He saw it all as the Lord's hand. Yes, Nebuchadnezzar was used,
and before him, the Assyrians took away the ten tribes, but
he saw the Lord's hand. And indeed, Nebuchadnezzar was
the Lord's servant. And so I draw your attention
to this, that whatever is brought upon us, in whatever way it is,
we may view the Lord's hand in appointing it, in bringing it,
in ordering it. He's not the author of sin, He's
not the author of wickedness, but He is in control. And it
is He that is our hope, And so our text, but the Lord
will be the hope. And in the Lord is everything
that is comprised in salvation. The Father, the Son, the Holy
Spirit, the God that said, let us make
man in our own image, the God that created the world and man
upon it, the God that brought it into existence and will close
its existence, that created time, and that has also said there
shall be a decree that time shall be no more. It is created. And
this is the God of hope. Our Lord Jesus Christ is the
eternal Son of God, one with the Father, Jehovah. He is our hope. He is our salvation. Salvation is of the Lord. Abraham said to Isaac, my son,
God will provide himself. a lamb for a burnt offering and
himself was the lamb. And it is the provision in the
gospel that comes not from some other source, not from man, not
from some other entity, but from the one undivided almighty and
eternal God. And so our first point, the Lord
will be the hope. Jehovah will be the hope. Our second point, his people. What does it mean, his people? Are there those that are not
his people? When we think of the children
of Israel, we think of a people that were raised up from Abraham,
of the seed of Abraham, whom God called alone, and he brought
from him a nation that was formed in Egypt, and then brought out
of Egypt, brought to the promised land to Canaan, which God had
promised to Abraham. He said, while Abraham was alive,
that he would not give him not even a foot in it, but that his
seed should possess that land. And they did, and it came to
pass. They were a typical people, the
ancient people of God, a people that God had ordained that the
promised seed of the woman, the Messiah, should come according
to the flesh. They were the custodians of what
we know as the Old Testament that records the history of that
nation. And in that nation, we have many,
many types of the spiritual people of God. We spoke of here in Joel,
the prophecy being fulfilled at the Day of Pentecost. and
that then leads to the prophecy of the end of the world. And
between those two times, they are the days of the gospel, the
preaching of the gospel. And it is the Old Testament that
speaks of Christ that was used by our Lord on the way to Emmaus
in preaching to those two, walking there, and that Philip used when
he preached to the eunuch from Isaiah 53 in our Bibles. And so the Lord has given in
these gospel days, not just the New Testament, but all the repository
of the Old Testament in all its types and teachings and instructions,
including this prophecy of Joel, to be an instruction to us.
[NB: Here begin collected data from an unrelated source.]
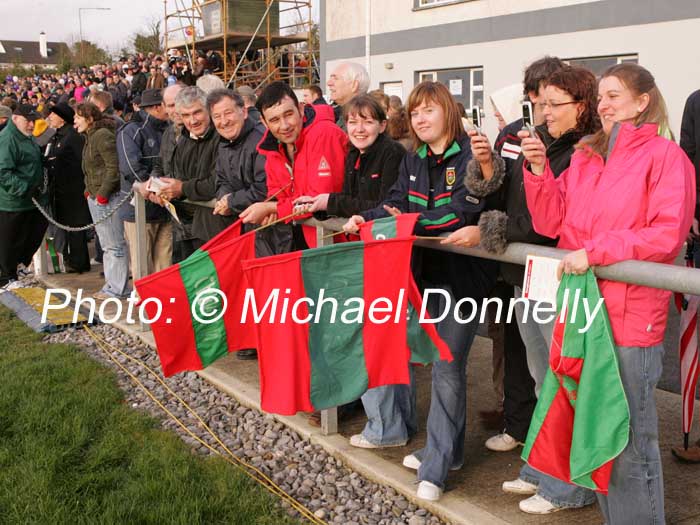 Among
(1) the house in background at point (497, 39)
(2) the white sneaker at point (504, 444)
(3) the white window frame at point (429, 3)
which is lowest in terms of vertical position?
(2) the white sneaker at point (504, 444)

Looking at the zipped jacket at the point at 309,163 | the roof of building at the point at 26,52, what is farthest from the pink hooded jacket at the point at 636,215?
the roof of building at the point at 26,52

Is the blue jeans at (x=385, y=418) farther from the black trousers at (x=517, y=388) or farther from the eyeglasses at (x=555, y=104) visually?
the eyeglasses at (x=555, y=104)

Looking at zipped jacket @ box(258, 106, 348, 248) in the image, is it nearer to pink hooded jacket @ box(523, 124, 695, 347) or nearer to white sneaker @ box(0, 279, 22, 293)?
pink hooded jacket @ box(523, 124, 695, 347)

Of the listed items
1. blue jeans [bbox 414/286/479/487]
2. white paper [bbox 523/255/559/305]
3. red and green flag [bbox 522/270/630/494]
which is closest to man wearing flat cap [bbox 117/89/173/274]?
blue jeans [bbox 414/286/479/487]

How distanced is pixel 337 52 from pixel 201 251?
20.1m

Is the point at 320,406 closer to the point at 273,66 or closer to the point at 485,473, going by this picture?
the point at 485,473

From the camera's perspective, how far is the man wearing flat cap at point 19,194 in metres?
9.81

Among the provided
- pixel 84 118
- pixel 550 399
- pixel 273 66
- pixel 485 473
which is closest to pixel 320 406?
pixel 485 473

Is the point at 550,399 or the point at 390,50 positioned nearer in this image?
the point at 550,399

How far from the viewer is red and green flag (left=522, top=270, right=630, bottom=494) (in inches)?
121

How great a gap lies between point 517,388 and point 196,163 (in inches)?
Answer: 142

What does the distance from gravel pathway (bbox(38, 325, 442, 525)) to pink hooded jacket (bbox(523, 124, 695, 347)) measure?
145 cm

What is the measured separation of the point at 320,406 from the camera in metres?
4.10

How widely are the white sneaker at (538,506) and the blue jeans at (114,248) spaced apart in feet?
20.4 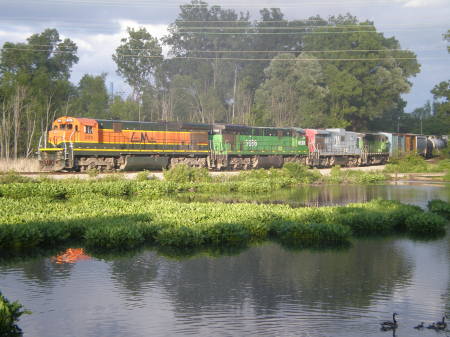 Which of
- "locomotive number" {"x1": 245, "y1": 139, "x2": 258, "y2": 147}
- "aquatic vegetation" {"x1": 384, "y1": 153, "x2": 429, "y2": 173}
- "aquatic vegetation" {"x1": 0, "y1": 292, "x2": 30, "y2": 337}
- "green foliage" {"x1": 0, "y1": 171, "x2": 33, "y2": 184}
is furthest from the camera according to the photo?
"locomotive number" {"x1": 245, "y1": 139, "x2": 258, "y2": 147}

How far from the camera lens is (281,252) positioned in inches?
599

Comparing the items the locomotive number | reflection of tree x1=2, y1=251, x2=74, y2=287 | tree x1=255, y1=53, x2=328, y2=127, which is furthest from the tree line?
reflection of tree x1=2, y1=251, x2=74, y2=287

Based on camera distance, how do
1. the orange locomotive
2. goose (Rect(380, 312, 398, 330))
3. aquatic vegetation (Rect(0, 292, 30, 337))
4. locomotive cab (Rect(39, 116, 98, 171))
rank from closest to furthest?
aquatic vegetation (Rect(0, 292, 30, 337)) → goose (Rect(380, 312, 398, 330)) → locomotive cab (Rect(39, 116, 98, 171)) → the orange locomotive

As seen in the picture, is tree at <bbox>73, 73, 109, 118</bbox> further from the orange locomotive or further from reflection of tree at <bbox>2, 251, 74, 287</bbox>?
reflection of tree at <bbox>2, 251, 74, 287</bbox>

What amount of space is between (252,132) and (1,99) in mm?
20131

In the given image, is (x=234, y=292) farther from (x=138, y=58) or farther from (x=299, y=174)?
(x=138, y=58)

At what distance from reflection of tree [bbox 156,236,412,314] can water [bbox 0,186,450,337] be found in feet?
0.08

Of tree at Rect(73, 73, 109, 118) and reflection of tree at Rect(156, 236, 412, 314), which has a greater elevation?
tree at Rect(73, 73, 109, 118)

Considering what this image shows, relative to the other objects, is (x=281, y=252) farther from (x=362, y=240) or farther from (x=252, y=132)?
(x=252, y=132)

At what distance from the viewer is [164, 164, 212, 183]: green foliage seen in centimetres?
3266

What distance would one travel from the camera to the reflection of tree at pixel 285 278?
36.1 feet

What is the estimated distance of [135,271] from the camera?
13.0 m

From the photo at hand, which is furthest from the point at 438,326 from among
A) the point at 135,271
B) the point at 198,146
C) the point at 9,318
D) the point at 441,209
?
the point at 198,146

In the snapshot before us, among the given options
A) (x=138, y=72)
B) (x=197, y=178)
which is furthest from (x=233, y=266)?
(x=138, y=72) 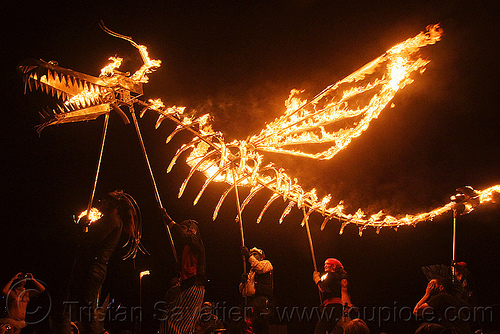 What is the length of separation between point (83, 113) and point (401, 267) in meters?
11.5

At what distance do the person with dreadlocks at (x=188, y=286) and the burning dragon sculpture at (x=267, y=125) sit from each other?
99 centimetres

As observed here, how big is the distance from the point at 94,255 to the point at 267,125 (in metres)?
3.46

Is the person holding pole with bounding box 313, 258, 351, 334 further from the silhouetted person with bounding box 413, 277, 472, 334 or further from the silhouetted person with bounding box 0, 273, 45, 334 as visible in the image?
the silhouetted person with bounding box 0, 273, 45, 334

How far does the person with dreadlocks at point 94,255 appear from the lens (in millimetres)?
4094

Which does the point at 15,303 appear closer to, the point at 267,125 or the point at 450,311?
the point at 267,125

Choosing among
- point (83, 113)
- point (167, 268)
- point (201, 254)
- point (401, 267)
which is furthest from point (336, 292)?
point (167, 268)

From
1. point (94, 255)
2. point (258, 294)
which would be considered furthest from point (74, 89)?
point (258, 294)

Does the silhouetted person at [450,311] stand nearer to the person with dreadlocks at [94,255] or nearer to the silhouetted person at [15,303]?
the person with dreadlocks at [94,255]

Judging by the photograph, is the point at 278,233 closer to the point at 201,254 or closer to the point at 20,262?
the point at 20,262

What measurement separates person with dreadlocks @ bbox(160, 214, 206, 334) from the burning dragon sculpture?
0.99m

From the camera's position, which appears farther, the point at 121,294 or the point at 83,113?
the point at 121,294

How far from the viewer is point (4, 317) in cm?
512

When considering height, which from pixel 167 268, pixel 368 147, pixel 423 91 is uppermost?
pixel 423 91

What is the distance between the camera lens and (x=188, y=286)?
4.86 meters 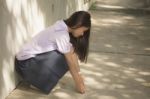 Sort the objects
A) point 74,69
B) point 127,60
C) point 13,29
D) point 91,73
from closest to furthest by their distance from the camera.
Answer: point 13,29 → point 74,69 → point 91,73 → point 127,60

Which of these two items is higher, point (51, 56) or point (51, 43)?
point (51, 43)

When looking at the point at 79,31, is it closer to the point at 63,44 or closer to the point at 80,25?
the point at 80,25

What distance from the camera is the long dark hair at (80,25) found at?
14.4ft

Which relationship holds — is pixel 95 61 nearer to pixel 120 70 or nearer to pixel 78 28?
pixel 120 70

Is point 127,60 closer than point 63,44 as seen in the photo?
No

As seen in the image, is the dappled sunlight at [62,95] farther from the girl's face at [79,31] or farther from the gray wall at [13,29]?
the girl's face at [79,31]

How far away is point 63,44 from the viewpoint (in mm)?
4352

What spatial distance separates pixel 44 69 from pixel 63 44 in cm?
35

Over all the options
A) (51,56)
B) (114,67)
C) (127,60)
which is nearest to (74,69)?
(51,56)

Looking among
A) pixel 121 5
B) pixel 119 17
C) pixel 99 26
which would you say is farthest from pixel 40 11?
pixel 121 5

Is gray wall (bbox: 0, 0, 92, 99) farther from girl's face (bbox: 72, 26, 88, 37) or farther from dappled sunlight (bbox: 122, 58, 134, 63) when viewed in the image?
dappled sunlight (bbox: 122, 58, 134, 63)

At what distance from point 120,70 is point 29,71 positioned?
1.53 m

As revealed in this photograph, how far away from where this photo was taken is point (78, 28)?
439 cm

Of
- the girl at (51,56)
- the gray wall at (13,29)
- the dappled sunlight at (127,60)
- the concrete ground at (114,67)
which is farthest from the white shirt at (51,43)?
the dappled sunlight at (127,60) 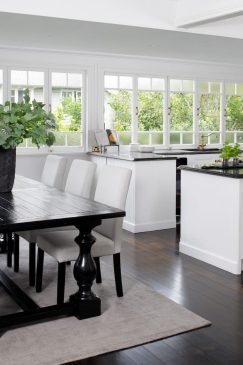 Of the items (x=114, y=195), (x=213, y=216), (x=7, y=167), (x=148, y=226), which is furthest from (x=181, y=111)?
(x=7, y=167)

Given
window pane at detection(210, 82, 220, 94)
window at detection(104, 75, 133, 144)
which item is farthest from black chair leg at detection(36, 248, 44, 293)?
window pane at detection(210, 82, 220, 94)

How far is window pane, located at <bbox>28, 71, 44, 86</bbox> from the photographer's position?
6977 mm

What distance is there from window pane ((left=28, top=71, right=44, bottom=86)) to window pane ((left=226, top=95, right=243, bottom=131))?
11.1ft

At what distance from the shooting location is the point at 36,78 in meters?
7.01

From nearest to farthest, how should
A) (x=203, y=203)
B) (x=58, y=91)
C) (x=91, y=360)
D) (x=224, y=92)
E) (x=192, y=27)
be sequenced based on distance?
1. (x=91, y=360)
2. (x=203, y=203)
3. (x=192, y=27)
4. (x=58, y=91)
5. (x=224, y=92)

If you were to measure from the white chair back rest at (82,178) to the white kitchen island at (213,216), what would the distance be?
3.57 ft

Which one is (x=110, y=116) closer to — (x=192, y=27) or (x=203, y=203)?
(x=192, y=27)

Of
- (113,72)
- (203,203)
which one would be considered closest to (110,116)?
(113,72)

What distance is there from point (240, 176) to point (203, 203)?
1.90ft

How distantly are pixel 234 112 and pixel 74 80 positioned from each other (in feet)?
10.1

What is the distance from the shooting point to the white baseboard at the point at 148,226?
5887mm

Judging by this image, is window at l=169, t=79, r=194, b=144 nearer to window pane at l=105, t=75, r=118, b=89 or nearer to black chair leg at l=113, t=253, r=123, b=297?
window pane at l=105, t=75, r=118, b=89

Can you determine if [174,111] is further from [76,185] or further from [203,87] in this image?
[76,185]

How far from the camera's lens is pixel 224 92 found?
8602mm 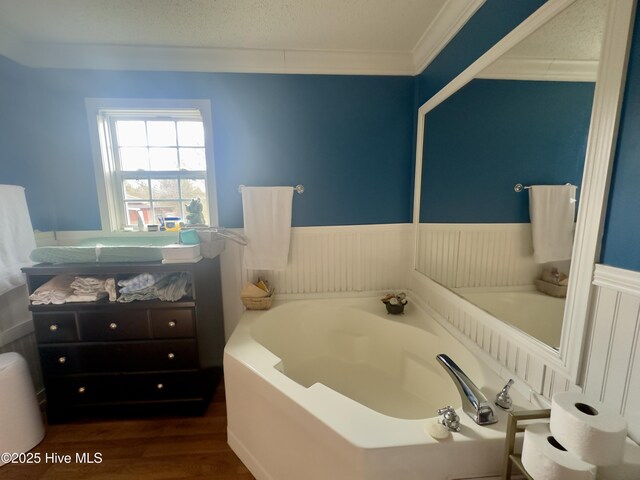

And it is an instruction to a
people that are to be God's people. We read when our Lord was named
of the angel, and in Matthew 1, Joseph was told his name shall
be called Jesus, for he shall save his people from their sins. We have his people, but this
is not just Israel literally. This is those of what Paul says,
that they are not all of Israel, which are of Israel. Not all
the Jews were saved, but the Lord has blessed the Gentiles
and from amongst the Gentiles. He has a people, a chosen people. And when the gospel was preached
to the Gentiles, as many as were ordained unto eternal life believed. And so it is through the preaching
of the gospel throughout the world in every nation, kindred
and tongue, that God's chosen people, the people that the Lord
said of his father, thine they were and thou gavest them me,
a people that is a cure in his hand. None, no man shall pluck
them out of my hand. My father that is greater than
I, no man shall pluck them out of my father's hand. It is that
people that are made known through God's calling them and quickening
them by his grace, showing that it is those that the Lord Jesus
Christ died on Calvary Street to put away their sin by the
sacrifice of himself, a substitutionary offering made unto God acceptable. And so God raised him from the
dead and that this resurrection from the dead is to be preached
in every nation. And it is this hope, a hope of
life from the dead, a hope that God and sinners are reconciled,
a hope that is based that God, through his spirit, working in
sinners' hearts, reconciles them unto God. Instead of being enemies,
they are brought to love him, and to serve him, obey him, and
trust in him, and to walk in his ways. God has a people. This is very evident through
the Word of God. And this whole text, if we do
not identify and know who this people is, how are we to get
any comfort from it? If our text says the Lord will
be the hope of his people, and we do not know whether we are
his people, then How is that going to be a comfort to us?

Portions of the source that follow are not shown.